Trudny temat. Sama byłam uparta na sn, nawet nie przyjmowałam do siebie myśli, że może być inaczej, choć gin od połowy ciąży straszył cc ze wzgl na wysokie ciśnienie i zbyt szybko starzejące się łożysko. W efekcie, w 36tc skierował mnie do szpit, właśnie przez ciśn, coś na dopplerze nie tak, mało wód płodowych. Już mieli mnie wypuszczać, w 37tc, ale że rano młody się nie ruszał, na ktg tętno ok 110-120, gdzie zawsze ok. 140-150, zrobili dopplera. I NATYCHMIAST na CC! Szybko zastrzyk na płucka, dogolenie, cewnik, nie było nawet czasu na wywiad na porodówce. I jestem ogromnie wdzięczna medycynie za to, że istnieje CC. Bo być może, gdyby nie zbieg okoliczności, że byłam w szpit, że mogli od razu zrobić usg i dopplera, natychmiast przeprowadzić cc, to Ku ba jest zdrowy, a przede wszystkim żyje. Bo jasno i wyraźnie mi powiedziano, kiedy rozryczałam się na hasło "Idziemy na cięcie", że jeszcze godzina-dwie i dziecko w ogóle tlenu nie będzie otrzymywało.

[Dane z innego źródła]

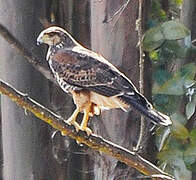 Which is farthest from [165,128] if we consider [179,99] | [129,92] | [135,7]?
[129,92]

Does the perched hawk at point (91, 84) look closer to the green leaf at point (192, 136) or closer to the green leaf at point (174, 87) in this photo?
the green leaf at point (174, 87)

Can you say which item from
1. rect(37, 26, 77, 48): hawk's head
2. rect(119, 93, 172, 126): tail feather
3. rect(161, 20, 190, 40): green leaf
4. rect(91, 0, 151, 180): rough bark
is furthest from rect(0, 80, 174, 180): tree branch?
rect(91, 0, 151, 180): rough bark

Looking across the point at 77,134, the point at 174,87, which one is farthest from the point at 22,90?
the point at 77,134

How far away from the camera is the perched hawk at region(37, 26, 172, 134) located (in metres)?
2.03

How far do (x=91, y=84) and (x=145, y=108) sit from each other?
0.22 m

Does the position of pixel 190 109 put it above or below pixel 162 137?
above

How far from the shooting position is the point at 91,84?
2.12m

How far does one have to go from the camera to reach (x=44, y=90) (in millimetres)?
2850

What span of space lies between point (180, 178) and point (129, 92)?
0.48 m

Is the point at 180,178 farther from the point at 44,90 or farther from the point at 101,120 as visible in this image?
the point at 44,90

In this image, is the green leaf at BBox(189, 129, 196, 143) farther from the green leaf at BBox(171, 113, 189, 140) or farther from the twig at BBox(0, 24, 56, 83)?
the twig at BBox(0, 24, 56, 83)

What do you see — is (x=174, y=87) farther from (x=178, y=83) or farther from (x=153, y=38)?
(x=153, y=38)

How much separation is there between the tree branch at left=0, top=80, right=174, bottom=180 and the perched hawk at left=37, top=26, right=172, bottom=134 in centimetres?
11

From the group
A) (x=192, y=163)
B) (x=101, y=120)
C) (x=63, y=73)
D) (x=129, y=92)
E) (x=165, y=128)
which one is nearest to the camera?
(x=129, y=92) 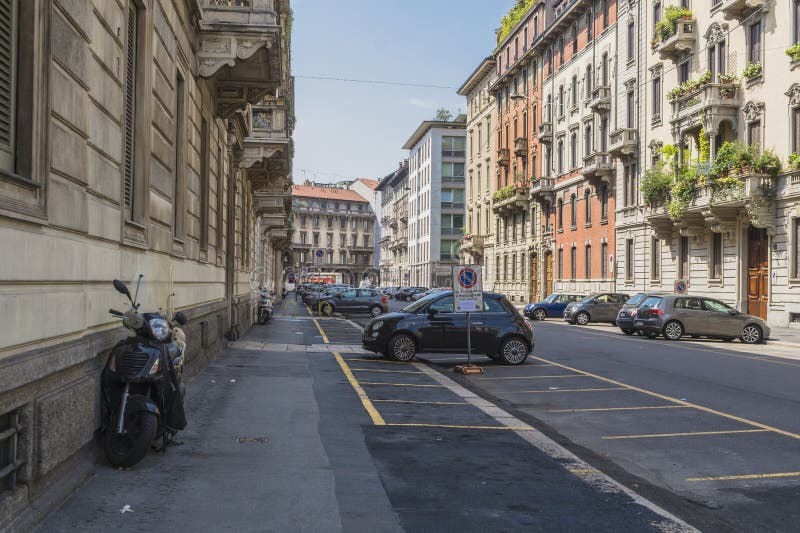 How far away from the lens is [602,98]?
47188mm

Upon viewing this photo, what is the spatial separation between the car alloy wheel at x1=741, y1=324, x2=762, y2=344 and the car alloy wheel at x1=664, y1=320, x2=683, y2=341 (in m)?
1.93

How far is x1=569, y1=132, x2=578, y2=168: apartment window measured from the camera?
52844mm

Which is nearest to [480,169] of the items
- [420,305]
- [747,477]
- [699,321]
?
[699,321]

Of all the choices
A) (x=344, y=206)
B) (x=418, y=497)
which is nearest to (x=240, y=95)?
(x=418, y=497)

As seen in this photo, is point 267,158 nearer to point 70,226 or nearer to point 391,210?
point 70,226

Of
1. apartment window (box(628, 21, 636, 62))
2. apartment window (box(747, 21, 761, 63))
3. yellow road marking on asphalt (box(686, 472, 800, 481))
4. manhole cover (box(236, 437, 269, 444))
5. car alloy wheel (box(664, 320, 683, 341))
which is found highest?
apartment window (box(628, 21, 636, 62))

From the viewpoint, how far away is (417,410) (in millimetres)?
11102

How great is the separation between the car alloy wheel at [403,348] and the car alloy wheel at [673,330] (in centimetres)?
1264

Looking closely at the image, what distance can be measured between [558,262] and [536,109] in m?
12.0

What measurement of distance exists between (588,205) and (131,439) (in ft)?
151

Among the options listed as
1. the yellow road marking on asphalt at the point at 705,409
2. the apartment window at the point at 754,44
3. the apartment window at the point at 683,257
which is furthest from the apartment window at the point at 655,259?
the yellow road marking on asphalt at the point at 705,409

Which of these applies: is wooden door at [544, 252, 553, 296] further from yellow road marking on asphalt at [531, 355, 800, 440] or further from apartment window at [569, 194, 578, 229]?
yellow road marking on asphalt at [531, 355, 800, 440]

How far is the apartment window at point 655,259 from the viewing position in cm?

Pierwszy psikus, lek miał problem z wkłuciem i podaniem znieczulenia. Znieczulał dwa razy. W trakcie cesarki ciśnienie skakało, mdlałam na stole. Po cesarce baaaardzo długo brak czucia w jednej nodze, aż się obawiali, że coś się źle jednak wkuł. Ból brzucha, itp, wiadomo! Ale najważniejssze, że z młodym ok!
A wyobraźcie sobie teraz, że na porodówkę trafia 6 kobiet. Ze skurczami, początek porodu, itp. I jest wolny wybór. Każda mówi, że chce cc na życzenie. Że się boi, że nie da rady, że będzie bolało. I biorą każdą po kolei na to cc. A wiadomo, że lek na dyżurze nie będzie aż tylu, więc trzeba czekać. I nagle przyjeżdża jakaś kobieta, u której minuty-pół godz zdecyduje o tym, czy dziecko będzie zdrowe i żywe, jeśli nie urodzi się przez cc. I co? Lek przerwą jedną op, tę na życzenie, żeby biec do tej, u której są wskazania?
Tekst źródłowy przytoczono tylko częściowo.